--- Extracted material ---
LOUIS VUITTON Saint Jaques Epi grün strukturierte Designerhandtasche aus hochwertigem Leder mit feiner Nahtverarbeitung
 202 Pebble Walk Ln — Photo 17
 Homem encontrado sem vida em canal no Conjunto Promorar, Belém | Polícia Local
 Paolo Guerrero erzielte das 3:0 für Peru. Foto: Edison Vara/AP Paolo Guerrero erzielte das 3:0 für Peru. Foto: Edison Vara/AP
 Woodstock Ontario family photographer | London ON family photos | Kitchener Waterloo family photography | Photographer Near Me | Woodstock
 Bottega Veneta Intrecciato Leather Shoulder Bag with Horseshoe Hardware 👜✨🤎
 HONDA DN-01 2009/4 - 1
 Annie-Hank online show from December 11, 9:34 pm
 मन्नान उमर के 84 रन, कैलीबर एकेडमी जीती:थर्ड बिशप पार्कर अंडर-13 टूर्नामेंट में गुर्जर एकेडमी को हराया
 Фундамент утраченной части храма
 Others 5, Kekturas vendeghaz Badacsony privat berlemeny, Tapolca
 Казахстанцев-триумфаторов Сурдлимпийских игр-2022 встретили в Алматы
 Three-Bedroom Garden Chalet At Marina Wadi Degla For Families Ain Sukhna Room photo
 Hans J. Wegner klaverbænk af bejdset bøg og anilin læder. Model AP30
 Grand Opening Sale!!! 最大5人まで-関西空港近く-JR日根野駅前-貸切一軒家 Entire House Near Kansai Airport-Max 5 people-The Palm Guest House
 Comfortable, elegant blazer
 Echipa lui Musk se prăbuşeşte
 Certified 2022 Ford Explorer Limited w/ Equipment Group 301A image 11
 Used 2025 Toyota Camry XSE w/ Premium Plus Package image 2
---
Task details
Every entry, from first to last, is to be reproduced exactly.

Output for this task
LOUIS VUITTON Saint Jaques Epi grün strukturierte Designerhandtasche aus hochwertigem Leder mit feiner Nahtverarbeitung
 202 Pebble Walk Ln — Photo 17
 Homem encontrado sem vida em canal no Conjunto Promorar, Belém | Polícia Local
 Paolo Guerrero erzielte das 3:0 für Peru. Foto: Edison Vara/AP Paolo Guerrero erzielte das 3:0 für Peru. Foto: Edison Vara/AP
 Woodstock Ontario family photographer | London ON family photos | Kitchener Waterloo family photography | Photographer Near Me | Woodstock
 Bottega Veneta Intrecciato Leather Shoulder Bag with Horseshoe Hardware 👜✨🤎
 HONDA DN-01 2009/4 - 1
 Annie-Hank online show from December 11, 9:34 pm
 मन्नान उमर के 84 रन, कैलीबर एकेडमी जीती:थर्ड बिशप पार्कर अंडर-13 टूर्नामेंट में गुर्जर एकेडमी को हराया
 Фундамент утраченной части храма
 Others 5, Kekturas vendeghaz Badacsony privat berlemeny, Tapolca
 Казахстанцев-триумфаторов Сурдлимпийских игр-2022 встретили в Алматы
 Three-Bedroom Garden Chalet At Marina Wadi Degla For Families Ain Sukhna Room photo
 Hans J. Wegner klaverbænk af bejdset bøg og anilin læder. Model AP30
 Grand Opening Sale!!! 最大5人まで-関西空港近く-JR日根野駅前-貸切一軒家 Entire House Near Kansai Airport-Max 5 people-The Palm Guest House
 Comfortable, elegant blazer
 Echipa lui Musk se prăbuşeşte
 Certified 2022 Ford Explorer Limited w/ Equipment Group 301A image 11
 Used 2025 Toyota Camry XSE w/ Premium Plus Package image 2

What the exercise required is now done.